The records that follow should be returned exactly, pictures excluded.

=======

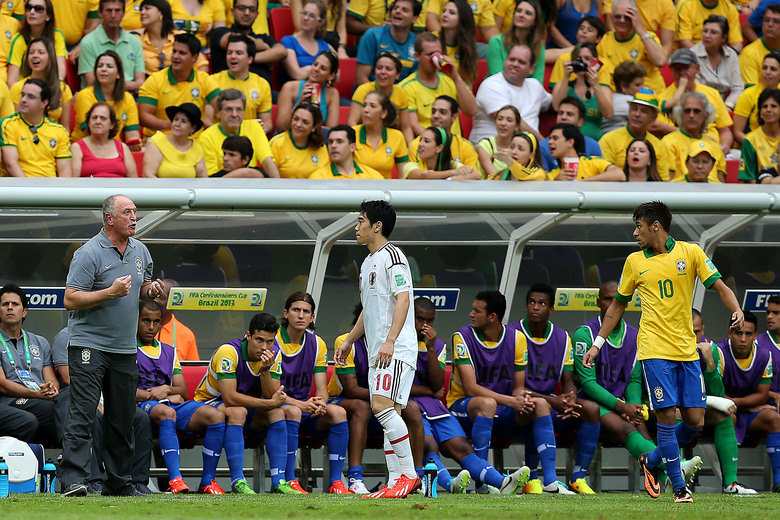 Como de costume, Felipão gesticula bastante e grita com seus jogadores à beira do gramado; sobrou até para o Neymar, autor do primeiro gol da seleção 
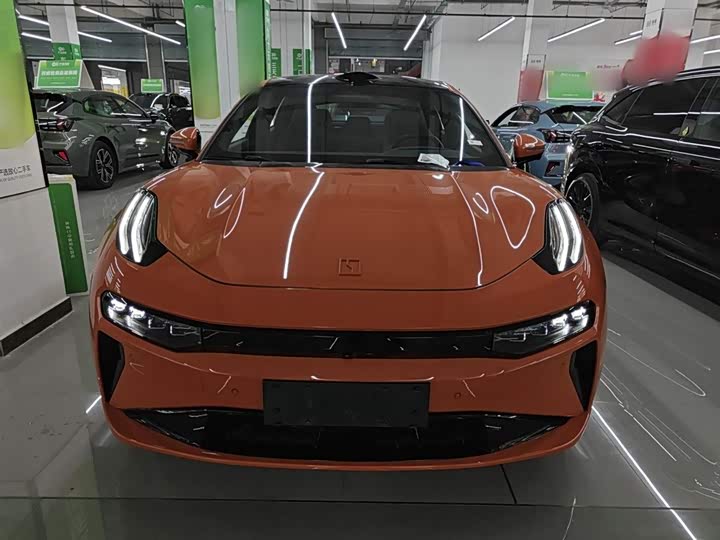 Фото 3 - Zeekr 001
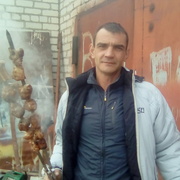 Олег, 44, Иловля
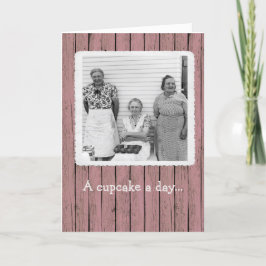 Un pastel con una tarjeta de cumpleaños diaria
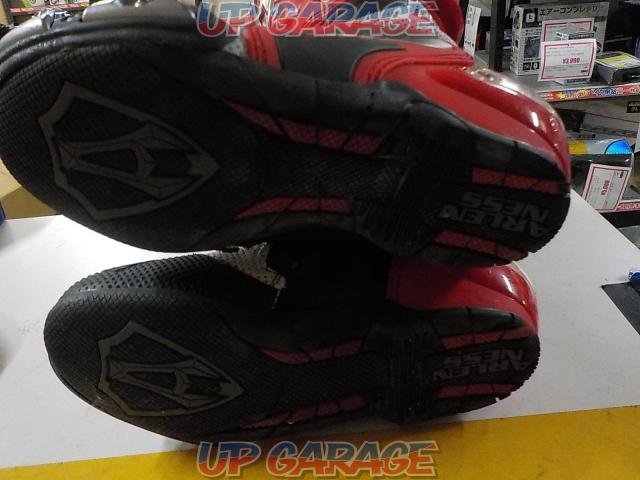 It's cheaper now!!!
ARLENNESS
Racing boots
EUR37-05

=======

Expected output
 Como de costume, Felipão gesticula bastante e grita com seus jogadores à beira do gramado; sobrou até para o Neymar, autor do primeiro gol da seleção 
 Фото 3 - Zeekr 001
 Олег, 44, Иловля
 Un pastel con una tarjeta de cumpleaños diaria
 It's cheaper now!!!
ARLENNESS
Racing boots
EUR37-05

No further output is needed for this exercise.